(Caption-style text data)

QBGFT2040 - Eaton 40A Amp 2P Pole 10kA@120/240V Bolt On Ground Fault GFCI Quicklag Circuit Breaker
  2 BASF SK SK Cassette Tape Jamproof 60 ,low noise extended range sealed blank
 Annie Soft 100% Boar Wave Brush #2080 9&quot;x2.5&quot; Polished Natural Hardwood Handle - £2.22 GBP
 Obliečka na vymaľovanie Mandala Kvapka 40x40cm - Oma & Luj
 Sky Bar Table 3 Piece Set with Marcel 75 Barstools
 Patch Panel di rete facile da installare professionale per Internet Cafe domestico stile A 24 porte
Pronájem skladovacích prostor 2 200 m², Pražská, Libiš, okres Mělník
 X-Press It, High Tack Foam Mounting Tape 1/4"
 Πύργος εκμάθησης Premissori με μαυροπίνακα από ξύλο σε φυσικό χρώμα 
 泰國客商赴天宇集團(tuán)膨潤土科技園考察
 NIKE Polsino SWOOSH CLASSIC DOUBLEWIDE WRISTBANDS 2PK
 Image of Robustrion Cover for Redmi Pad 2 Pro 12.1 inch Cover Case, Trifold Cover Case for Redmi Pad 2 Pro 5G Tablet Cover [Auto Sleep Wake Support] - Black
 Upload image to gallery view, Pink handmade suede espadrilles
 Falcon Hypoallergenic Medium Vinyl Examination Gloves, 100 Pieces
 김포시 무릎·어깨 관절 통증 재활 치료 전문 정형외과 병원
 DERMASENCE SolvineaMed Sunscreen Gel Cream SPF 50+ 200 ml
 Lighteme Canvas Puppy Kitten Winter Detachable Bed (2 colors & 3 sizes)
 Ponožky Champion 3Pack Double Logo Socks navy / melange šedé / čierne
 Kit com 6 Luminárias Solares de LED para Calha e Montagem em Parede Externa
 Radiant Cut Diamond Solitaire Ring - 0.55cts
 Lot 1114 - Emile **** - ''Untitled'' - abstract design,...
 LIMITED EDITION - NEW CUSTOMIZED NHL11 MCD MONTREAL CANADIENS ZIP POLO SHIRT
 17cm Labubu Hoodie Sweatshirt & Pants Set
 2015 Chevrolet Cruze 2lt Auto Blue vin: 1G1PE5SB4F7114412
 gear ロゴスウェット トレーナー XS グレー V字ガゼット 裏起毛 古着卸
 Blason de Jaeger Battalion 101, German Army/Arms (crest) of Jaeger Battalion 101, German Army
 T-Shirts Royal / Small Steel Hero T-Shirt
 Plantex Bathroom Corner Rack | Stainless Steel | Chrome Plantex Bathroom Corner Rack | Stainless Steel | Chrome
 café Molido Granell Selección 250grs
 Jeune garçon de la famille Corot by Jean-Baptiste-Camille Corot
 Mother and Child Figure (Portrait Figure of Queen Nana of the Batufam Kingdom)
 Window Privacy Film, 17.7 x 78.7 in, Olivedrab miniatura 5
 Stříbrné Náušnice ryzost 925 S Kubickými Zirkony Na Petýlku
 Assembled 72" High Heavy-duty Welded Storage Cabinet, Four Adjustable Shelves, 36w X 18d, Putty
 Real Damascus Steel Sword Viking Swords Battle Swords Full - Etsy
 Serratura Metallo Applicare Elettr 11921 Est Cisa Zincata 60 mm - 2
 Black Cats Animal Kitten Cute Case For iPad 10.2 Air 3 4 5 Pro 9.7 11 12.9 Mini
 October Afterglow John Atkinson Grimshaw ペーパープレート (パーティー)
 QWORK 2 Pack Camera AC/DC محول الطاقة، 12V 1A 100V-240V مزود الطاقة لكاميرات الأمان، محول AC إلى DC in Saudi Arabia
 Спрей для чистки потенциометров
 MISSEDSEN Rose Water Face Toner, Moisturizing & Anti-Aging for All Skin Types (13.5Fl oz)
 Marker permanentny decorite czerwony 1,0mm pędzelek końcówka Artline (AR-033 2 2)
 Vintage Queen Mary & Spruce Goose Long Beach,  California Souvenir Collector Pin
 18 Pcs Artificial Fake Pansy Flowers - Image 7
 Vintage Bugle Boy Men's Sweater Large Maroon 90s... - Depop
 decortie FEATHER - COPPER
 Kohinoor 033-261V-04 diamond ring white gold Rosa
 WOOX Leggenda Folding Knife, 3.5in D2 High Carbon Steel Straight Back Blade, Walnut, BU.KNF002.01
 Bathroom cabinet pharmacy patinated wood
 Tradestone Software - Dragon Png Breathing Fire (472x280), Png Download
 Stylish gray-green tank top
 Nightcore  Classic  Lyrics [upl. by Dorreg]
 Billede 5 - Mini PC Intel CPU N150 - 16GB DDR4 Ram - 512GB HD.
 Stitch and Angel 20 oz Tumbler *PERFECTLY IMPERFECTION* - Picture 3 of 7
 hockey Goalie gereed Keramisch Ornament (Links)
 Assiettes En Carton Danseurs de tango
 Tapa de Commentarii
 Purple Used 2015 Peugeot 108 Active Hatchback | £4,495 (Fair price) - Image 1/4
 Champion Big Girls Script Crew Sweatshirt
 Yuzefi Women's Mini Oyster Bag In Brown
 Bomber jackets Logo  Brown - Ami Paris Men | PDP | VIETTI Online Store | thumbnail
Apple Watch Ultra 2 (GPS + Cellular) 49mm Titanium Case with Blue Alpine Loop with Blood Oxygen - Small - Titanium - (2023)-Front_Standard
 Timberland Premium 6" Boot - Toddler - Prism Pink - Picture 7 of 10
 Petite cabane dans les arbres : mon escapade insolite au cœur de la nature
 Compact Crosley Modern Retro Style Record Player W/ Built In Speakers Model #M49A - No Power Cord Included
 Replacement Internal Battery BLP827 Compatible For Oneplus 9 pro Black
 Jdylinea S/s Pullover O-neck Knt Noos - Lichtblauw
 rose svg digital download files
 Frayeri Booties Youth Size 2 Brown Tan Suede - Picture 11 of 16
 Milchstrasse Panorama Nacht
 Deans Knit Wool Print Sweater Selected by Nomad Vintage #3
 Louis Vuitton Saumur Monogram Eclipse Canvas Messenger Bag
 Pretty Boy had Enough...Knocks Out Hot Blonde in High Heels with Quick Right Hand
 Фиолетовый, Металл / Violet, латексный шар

WHAT YOU WILL DO: Restate, word for word, the final stretch of the entries above: the line containing "Louis Vuitton Saumur" and every line after it, up to and including the last.

EXERCISE OUTPUT:
 Louis Vuitton Saumur Monogram Eclipse Canvas Messenger Bag
 Pretty Boy had Enough...Knocks Out Hot Blonde in High Heels with Quick Right Hand
 Фиолетовый, Металл / Violet, латексный шар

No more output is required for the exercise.